Use of Sharia in Nigeria:

In Nigeria, Sharia has been instituted as a main body of civil and criminal law in twelve Muslim-majority states since 1999, when then-Zamfara State governor Ahmad Sani Yerima began the push for the institution of Sharia at the state level of government. A "declaration of full Sharia law" was made in the twelve states in that year, and the states created Islamic legal institutions such as a Sharia Commission, and Zakat Commission, and a hisbah (a sort of an Islamic police). According to some critics (Leo Igwe, chair of the board of trustees for the Humanist Association of Nigeria), the adoption of Sharia law violates Article 10 of the Nigerian constitution guaranteeing religious freedom.

==States==
Twelve out of Nigeria's thirty-six states have Islam as the dominant religion. Since 2000, those states have reintroduced sharia criminal courts alongside common law and customary law courts, and the Supreme Court has thus far avoided ruling on the measure's apparent unconstitutionality.

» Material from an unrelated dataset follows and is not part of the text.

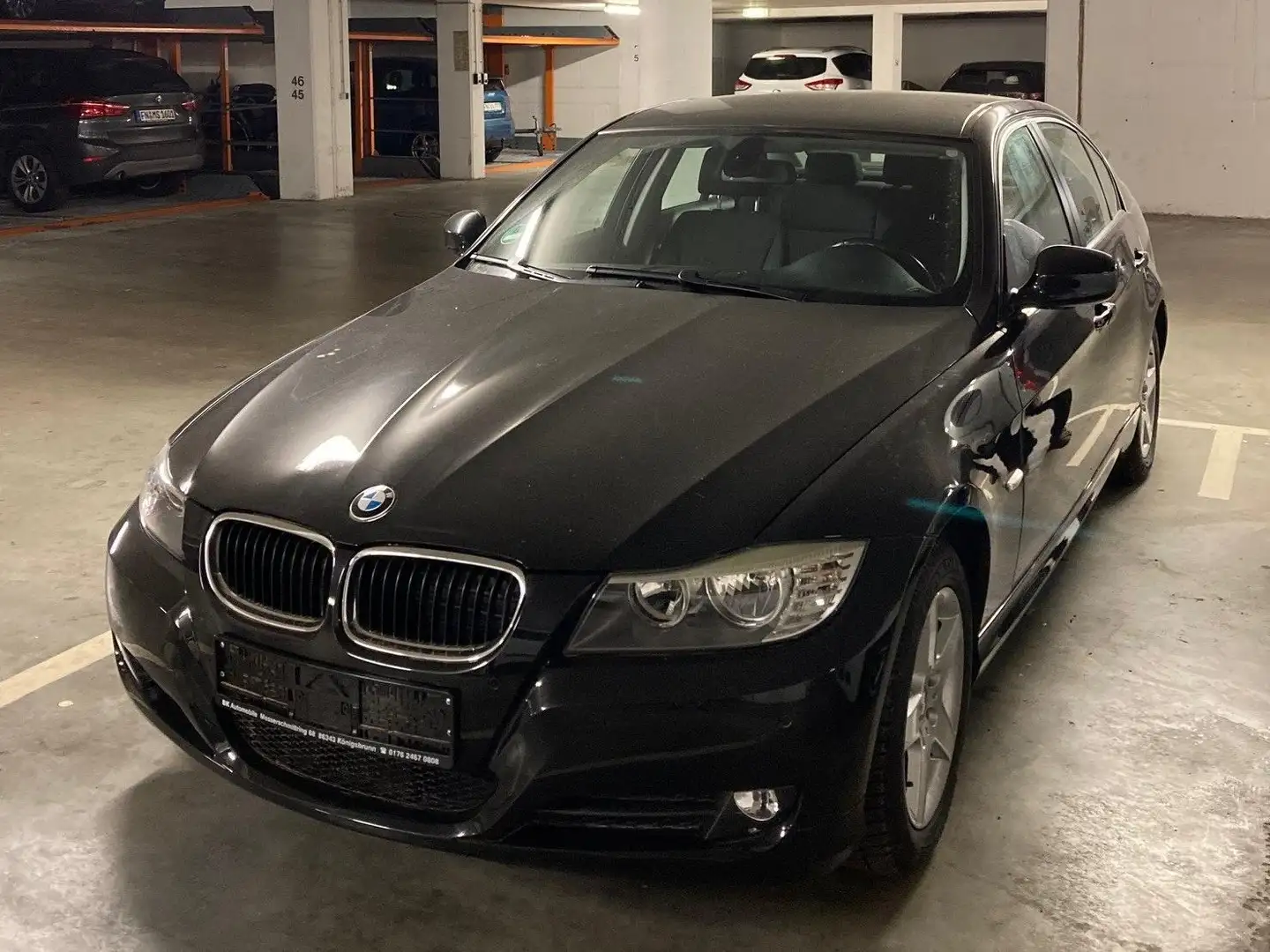 BMW 318 318i - Motor erneuert Černá - 1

As of 2025, the following 12 states have instituted Sharia:

- Zamfara State (27 January 2000)
- Kano State (21 June 2000)
- Sokoto State
- Katsina State (August 2000)
- Bauchi State (June 2001)
- Borno State
- Jigawa State
- Kebbi State
- Yobe State
- Kaduna State
- Niger State (4 May 2000)
- Gombe State

==Hisbah==
To promote Islamic virtue and discourage vice, each of the twelve states has a Hisbah group, but each of these hisbah is "unique". For example, as of 2016:
"Kano and Zamfara hisbah have their foundations in state law", "have a legally sanctioned board or commission with state-wide powers", and get state funding to pay the salaries of "thousands of people". The hisbah in Gombe state "has no legal backing", no supporting legislation, no "state funding, and is made up of volunteers" who "sometimes have to contribute financially to the running of the organization". Borno state hisbah "exists only on paper."

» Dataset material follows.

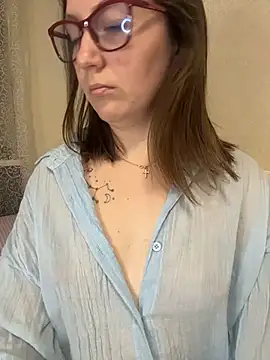 BeatriceTender online show from March 13, 8:10 pm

According to Human Rights Watch, hisbah activities in Nigeria bear a similarity to other vigilante groups in that country, in that they are "made up mostly of locally-recruited young men who usually patrol their own neighborhoods and sometimes instantly administer punishments on people suspected of carrying out an offense, without, or before, handing them over to the police".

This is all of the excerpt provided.